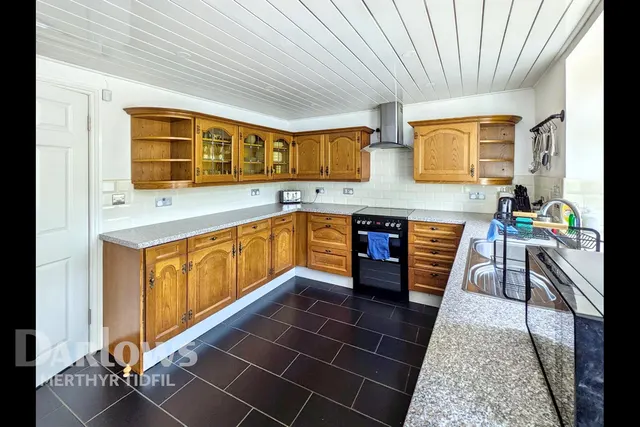 Brecon Road, Merthyr Tydfil, photo 2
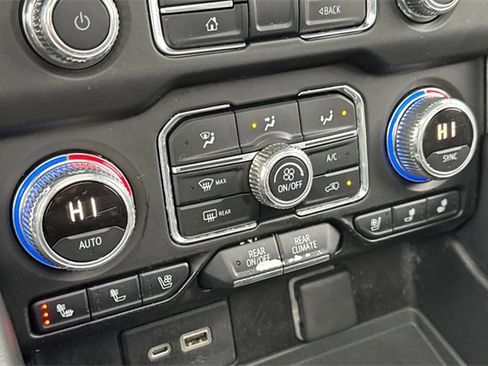 Used 2021 GMC Yukon SLT w/ SLT Luxury Plus Package image 29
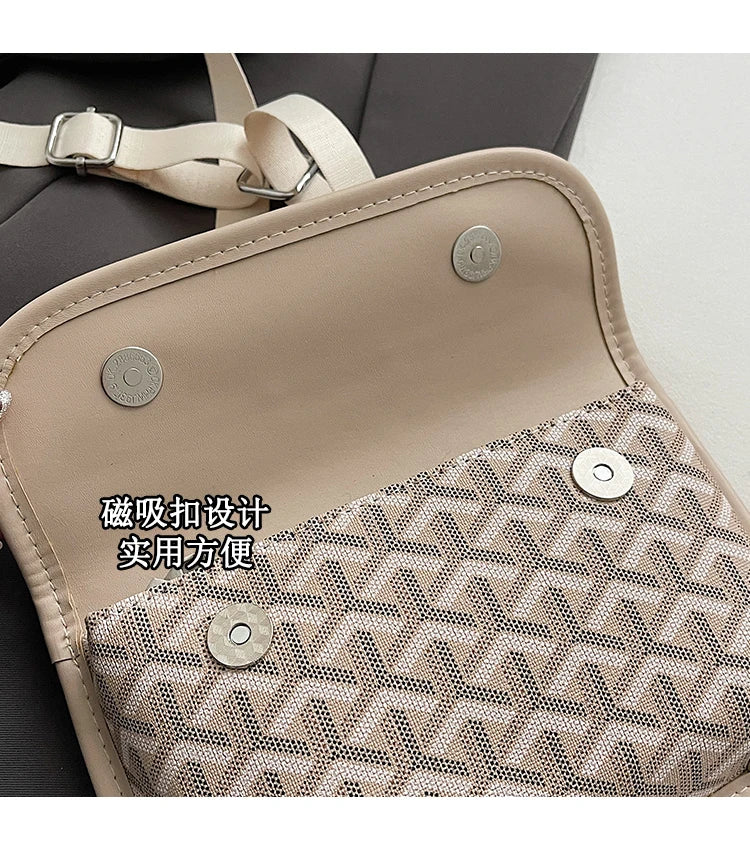 Unique Casual Crossbody Handbag For Leisure Women With Minimalist Solid Color And Large Capacity Leather Finish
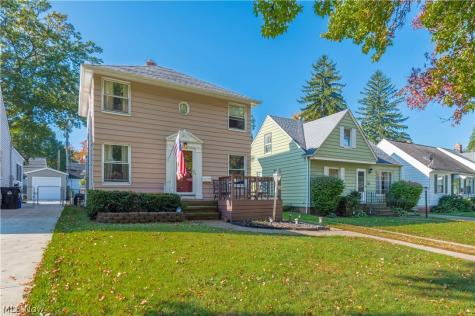 14427 Hollywood Avenue Cleveland OH 44111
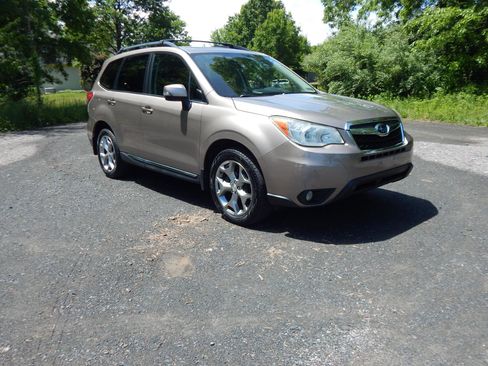 Used 2015 Subaru Forester 2.5i Touring w/ Eyesight & Navigation System AWD/4WD image 6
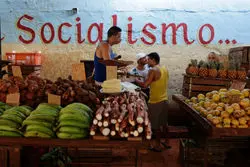 کوبا بدون منابع و بدون ایده؛ فقر شدید جزیره را به سمت چین و روسیه سوق می‌دهد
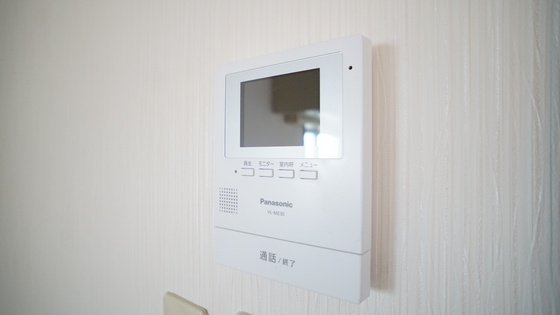 セキュリティ　モニター付きインターホン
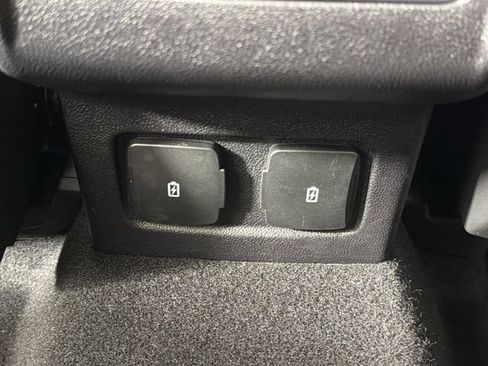 Used 2026 Lincoln Corsair Premiere FWD image 17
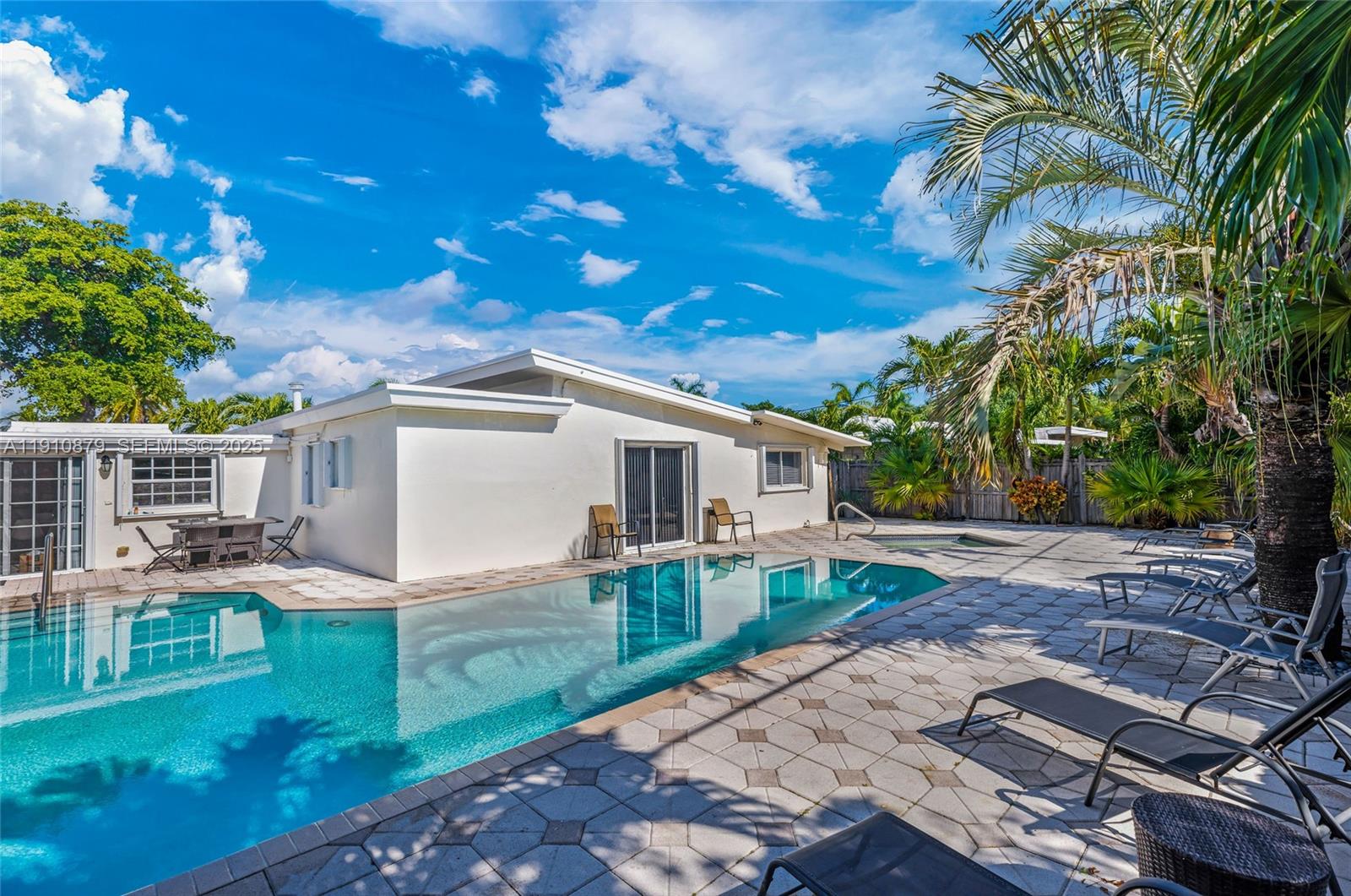 1984 Windward Drive, Lauderdale-By-The-Sea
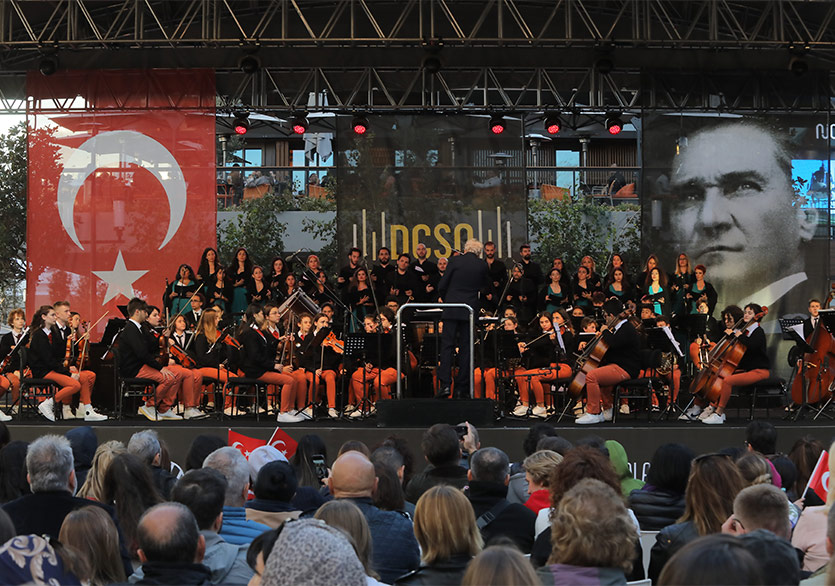 Doğuş Çocuk Senfoni Orkestrası’ndan Cumhuriyeti’nin 100. Yılına Özel Konser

__PROMPT__: Omit the pictures, and please restate word for word the lines running from the line with "Used 2015 Subaru" to the end of the entries.

__THE COMPLETED TASK__:
 Used 2015 Subaru Forester 2.5i Touring w/ Eyesight & Navigation System AWD/4WD image 6
 کوبا بدون منابع و بدون ایده؛ فقر شدید جزیره را به سمت چین و روسیه سوق می‌دهد
 セキュリティ　モニター付きインターホン
 Used 2026 Lincoln Corsair Premiere FWD image 17
 1984 Windward Drive, Lauderdale-By-The-Sea
 Doğuş Çocuk Senfoni Orkestrası’ndan Cumhuriyeti’nin 100. Yılına Özel Konser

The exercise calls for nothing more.